Again not much difference between options. If anything the wenzel distribution seems to be more narrow when using transforms (which makes sense as the transformation aligns the faces) so should be preferred.

OpenFace (any)

transform	nc	c50
YES
NO

Overalll not much of a difference.

FaceNet (any transformed)

transform	nc	c50
YES
NO

The duble humps (presumably due to face rotation) are removed fro transnformed faces so this is preferrable. As for nc or c50, not clear disticntion is visible.

DeepID (any)

transform	nc	c50
YES
NO

No real differnces I would say.

GhostFaceNet (nct)

transform	nc	c50
YES
NO

The transformed modes seem to slightly better separate the imposter and wenzel distribution, the nc does so even more.

Conclusion so far

The consensus seems to be that nct is the best option for all.

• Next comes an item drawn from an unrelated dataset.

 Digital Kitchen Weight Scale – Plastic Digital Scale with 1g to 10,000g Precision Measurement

A different view --- Cherry Picking

I randomly took -ba above and while looking ad comparison of wenzel faces between painters saw that the intra distribution depends strongly on painter combined with feature:

FR vs. BA using lpips and VGG-Face

These are the lpips results. A very cohesive Balaam, less so for Frana. Interestingly the Frana vs. Balaam look very simlar to the intra-Fr comparisons.

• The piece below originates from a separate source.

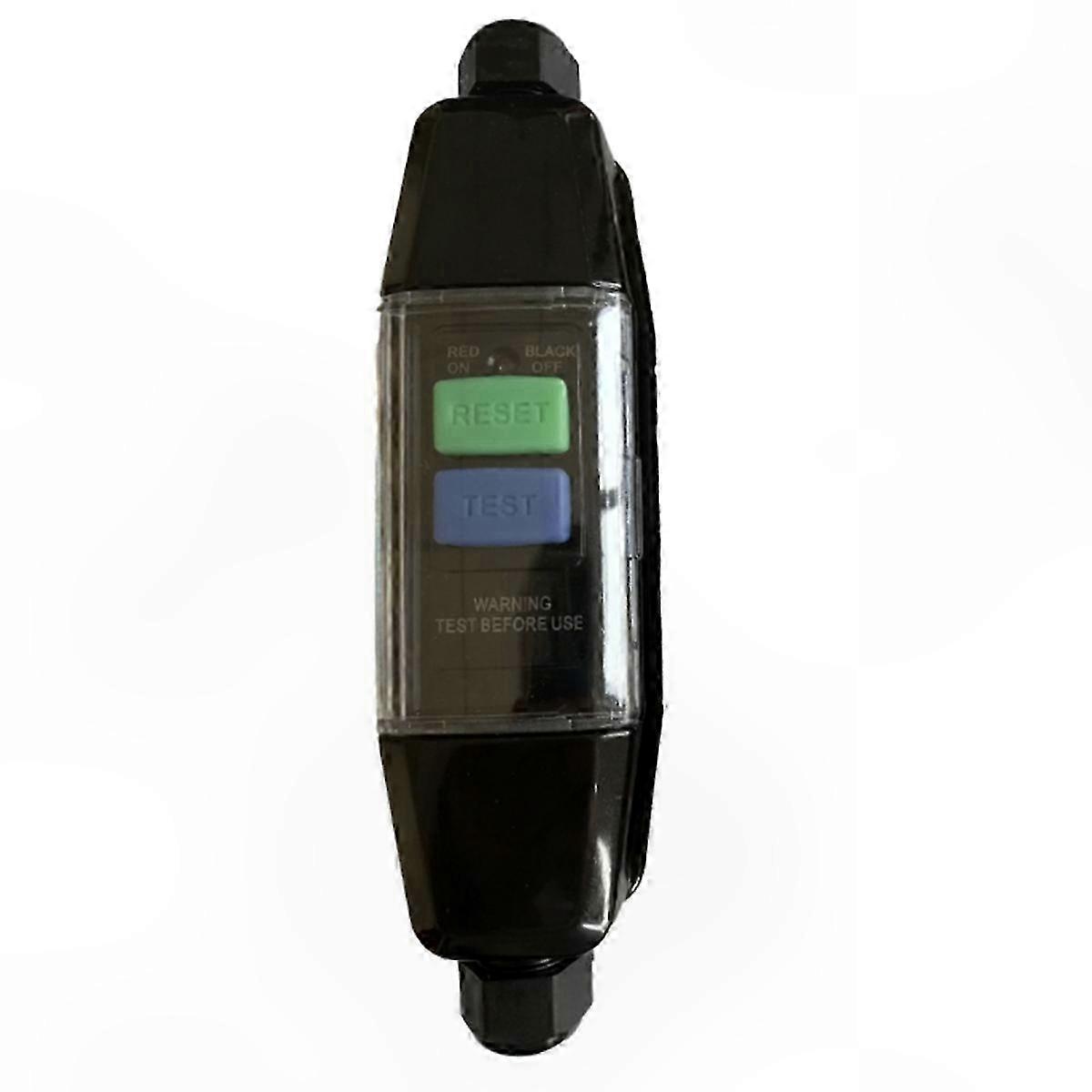 Portable RCD Adapter, 30mA Residual Current Device for Outdoor Safety, Inline Circuit Protection with Manual Reset Function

Same experiment with VGG-Face. Pretty much the reverse of the lpips results. Internaly cohesive Frana with less cohesive Balaam. Although it has to be said that intra Balaam looks more cohesive than inter comparisons.

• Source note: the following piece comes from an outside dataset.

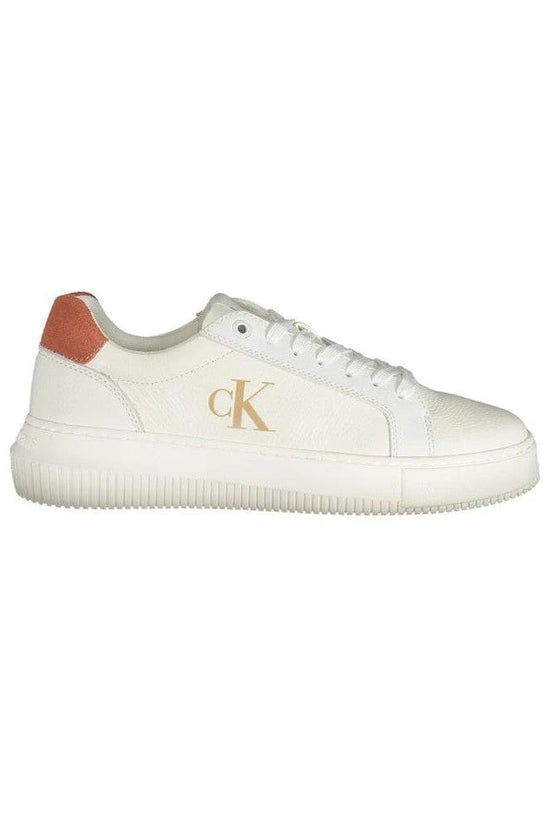 Calvin Klein Premium Weiches Leder Sneaker Weiß | ELORÉ by Calvin Klein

These two examples show that we can be prone to cherry picking here. Since we have no real objective way to specify which method is superior (we don't have a ground truth on which to compare) we have to be careful not to cherry pick the method based on the desired outcome. A possible way forward would then be to not use a single one but use all (or at least many) of them in an assemble and vote on it. The uniformity of the vote can also be used as a sort of 'certainity' score for the decision.

Using EER

Well assuming Wenzel is genuine and bademagd is not wenzel we can calculate the EER to find which feature is best. Fr is included as we can be relatively certain that the frana pages are actually from the frana workshop.

FILE	BA	FR
c50-112-ArcFace.txt	42.19%	18.82%
c50-112-ccv.txt	43.75%	46.15%
c50-112-DeepID.txt	52.97%	52.81%
c50-112-Dlib.txt	54.38%	36.30%
c50-112-Facenet.txt	46.67%	28.17%
c50-112-GhostFaceNet.txt	33.33%	24.56%
c50-112-hu.txt	50.44%	50.11%
c50-112-lbp.txt	42.05%	42.38%
c50-112-lpips.txt	50.33%	40.42%
c50-112-OpenFace.txt	44.44%	47.61%
c50-112-SFace.txt	37.78%	30.77%
c50-112-VGG-Face.txt	28.73%	20.58%

FILE	BA	FR
c50t-112-ArcFace.txt	39.27%	38.13%
c50t-112-ccv.txt	37.43%	47.67%
c50t-112-DeepID.txt	47.19%	47.53%
c50t-112-Dlib.txt	33.63%	47.08%
c50t-112-Facenet.txt	44.44%	29.49%
c50t-112-GhostFaceNet.txt	33.33%	37.79%
c50t-112-hu.txt	49.55%	50.17%
c50t-112-lbp.txt	45.09%	48.21%
c50t-112-lpips.txt	49.02%	42.86%
c50t-112-OpenFace.txt	53.33%	48.72%
c50t-112-SFace.txt	37.14%	48.65%
c50t-112-VGG-Face.txt	33.33%	33.03%

FILE	BA	FR
nc-112-ArcFace.txt	48.26%	21.88%
nc-112-ccv.txt	51.11%	38.01%
nc-112-DeepID.txt	53.97%	61.95%
nc-112-Dlib.txt	46.01%	34.86%
nc-112-Facenet.txt	48.89%	27.86%
nc-112-GhostFaceNet.txt	37.83%	25.64%
nc-112-hu.txt	50.11%	48.97%
nc-112-lbp.txt	45.82%	48.95%
nc-112-lpips.txt	42.22%	46.15%
nc-112-OpenFace.txt	57.78%	39.63%
nc-112-SFace.txt	42.22%	28.40%
nc-112-VGG-Face.txt	32.73%	16.05%

FILE	BA	FR
nct-112-ArcFace.txt	50.00%	33.27%
nct-112-ccv.txt	46.67%	43.59%
nct-112-DeepID.txt	57.06%	45.39%
nct-112-Dlib.txt	36.83%	47.21%
nct-112-Facenet.txt	52.73%	39.23%
nct-112-GhostFaceNet.txt	35.56%	35.90%
nct-112-hu.txt	49.88%	49.25%
nct-112-lbp.txt	48.89%	50.53%
nct-112-lpips.txt	46.67%	47.34%
nct-112-OpenFace.txt	50.55%	47.83%
nct-112-SFace.txt	26.91%	43.59%
nct-112-VGG-Face.txt	40.00%	28.60%

Frana produces better ersults here, interestingly with different connotations thatn what I would have read from the graphs above (which where BA). Here it seems that transformations are detrimental and that context is better for some.

Overall FR seems to have a much better EER, some are almost decent.